Tabloid television, also known as teletabloid, is a form of tabloid journalism. Tabloid television news broadcasting usually incorporate flashy graphics and sensationalized stories. Often, there is a heavy emphasis on crime and celebrity news.

Global perspective
The United States is not the only media market with this genre of broadcasting. Australia, New Zealand, United Kingdom and France all have tabloid television show that reflects this same down-market, sensationalist style of journalism and entertainment. People such as Rupert Murdoch also came out of this genre.

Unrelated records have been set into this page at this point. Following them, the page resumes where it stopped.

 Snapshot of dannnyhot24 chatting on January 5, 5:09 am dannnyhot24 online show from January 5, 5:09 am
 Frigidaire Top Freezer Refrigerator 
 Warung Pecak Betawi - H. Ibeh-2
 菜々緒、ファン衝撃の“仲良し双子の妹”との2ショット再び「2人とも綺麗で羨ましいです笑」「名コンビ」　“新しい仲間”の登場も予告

In his book Tabloid Television, John Langer argues that this type of "other news" is as equally important as the "hard news".

Examples of tabloid television
Popular shows of this type includes Hard Copy and A Current Affair.

A commonly cited example of tabloid television run amok is a series of reports in 2001 collectively dubbed the Summer of the Shark, focusing on a supposed epidemic of shark attacks after one highly publicized attack on an 8-year-old boy. In reality, there were fewer than average shark attacks that year.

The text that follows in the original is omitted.